Signs of Safety is about you, your child and your family working together so that your child can be safe and well. Rather than professionals like social workers, teachers or health visitors having all the answers to problems, Signs of Safety recognises that families are the experts in their own lives and this approach puts children and families at the heart of assessments and planning.
Families tell us that they don’t always know what we expect them to do. Children and young people sometimes tell us that they don’t have much say in the things that are happening to them and they don’t understand why we are involved in their lives. Your family is key in working with professionals to understand the worries about your child (what we are worried about and why), as well as understanding all of the good things about how your child is cared for (strengths) and times that the worries have been dealt with so that hasn't affected your child (safety). When we understand what we are worried about and what is working well, families and professionals agree what needs to happen (goals) in order for your child to be safe and well so that everyone is clear about this.
What difference will Signs of Safety make to the way that professionals work with me and my children?
We will make sure that we are talking to you, your child and the people you tell us are important to you, like grandparents, aunties and uncles, friends and neighbours so that we can understand what life is like for you and your child and your ideas for making things better. We will also talk to professionals who are working with you and your family.
We will ask everyone questions like:
- What do you think is working well?
- What are you worried about?
- What do you think needs to happen for things to get better?
We will use straightforward, easy to understand language to sum up our worries and what we think could happen to your child if things don’t change. We call these Danger Statements. We will be clear about what life needs to look like for your child in order for us not to be worried anymore. We call these Safety Goals. There may still be times where professionals have worries about children that families don’t share and when this happens we need to find ways to work together so that everyone is satisfied that the children are safe.
When we are clear about our Danger Statements and Safety Goals, we will talk to you, you child and the other important people in your life about your ideas for making sure that your child is always kept safe and well, even if something worrying happens again in future. We call these Family Network Meetings and we will check back in with you, your child and your network of supportive people to see how things are going and whether your plan is working or needs to be tweaked. Your social worker will help you to think all of this through by asking some helpful questions.
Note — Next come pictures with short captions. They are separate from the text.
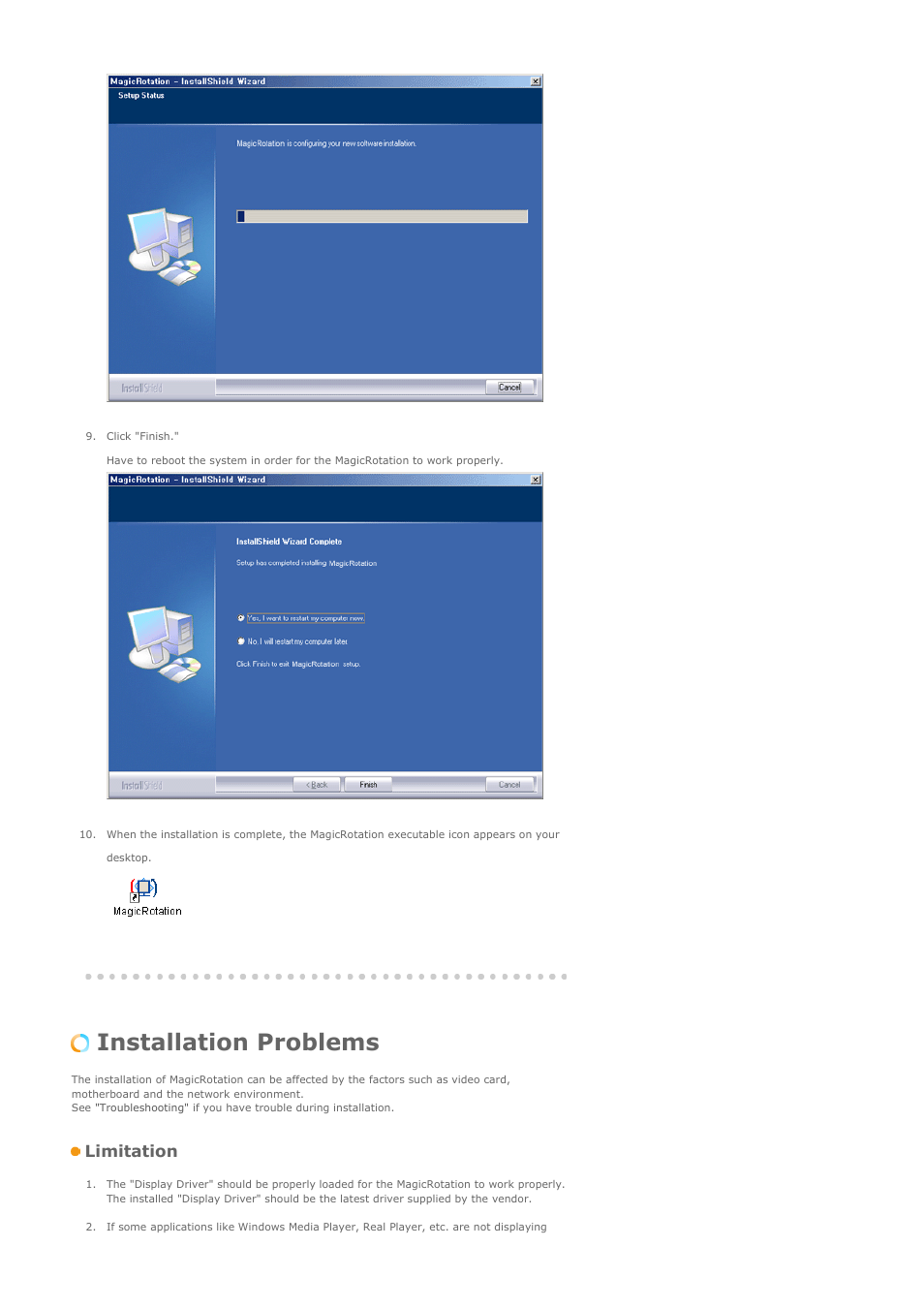 Installation problems, Limitation | Samsung LS19HAXBBQ-XAA User Manual | Page 50 / 77
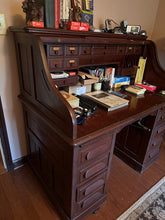 Load image into Gallery viewer, Antique Solid Oak Roll Top Desk with Lift Top Writing Surface and Interior Storage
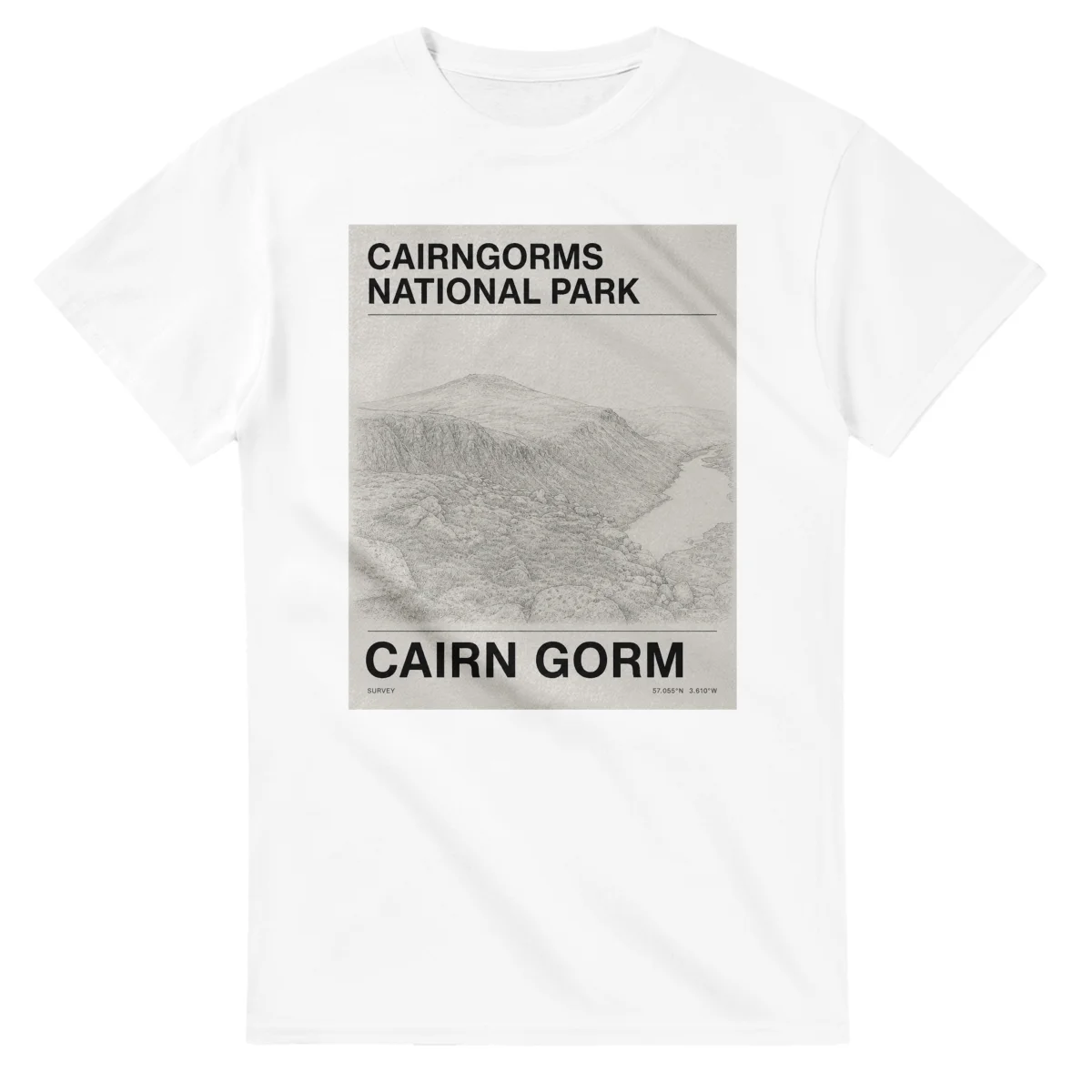 Fine-line engraving-style drawing for Cairngorms National Park, with a landmark caption and small coordinate text.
Talking to your child is at the heart of Signs of Safety. It is important that your child has the opportunity to talk about the good things in their life, what they are worried about and what they would like to see happen in their family and community so that they can feel safe. We use different tools to work with children and ask them their views, like the Three Houses Tool:
The Three Houses
We may also use a tool called My Safety House to involve your child in making plans so that they feel safe.
The Safety House
We will aim to work alongside you and your child to help your child better understand their plan using Words and Pictures. We will use the language that you and your children use so that this makes more sense to your child. We will make sure that your child has a Words and Pictures explanation if there is a big change to their living arrangements, e.g. if a parent leaves home or your child lives somewhere else for a period of time, as we know how important it is for children to be able to make sense of any changes so that they don’t blame themselves.
You will be given a copy of the plan that you, your child and your network have come up with. The same plan will be used in meetings between you, your child and your network as well as meetings between you and other professionals.
Your child’s social worker will check with you, your child, your network and professionals to see how well the plan is working and you will decide together what needs to happen next if there are still some worries. When everyone feels that the plan has been tried and tested and the children have been kept safe, then we will end our involvement.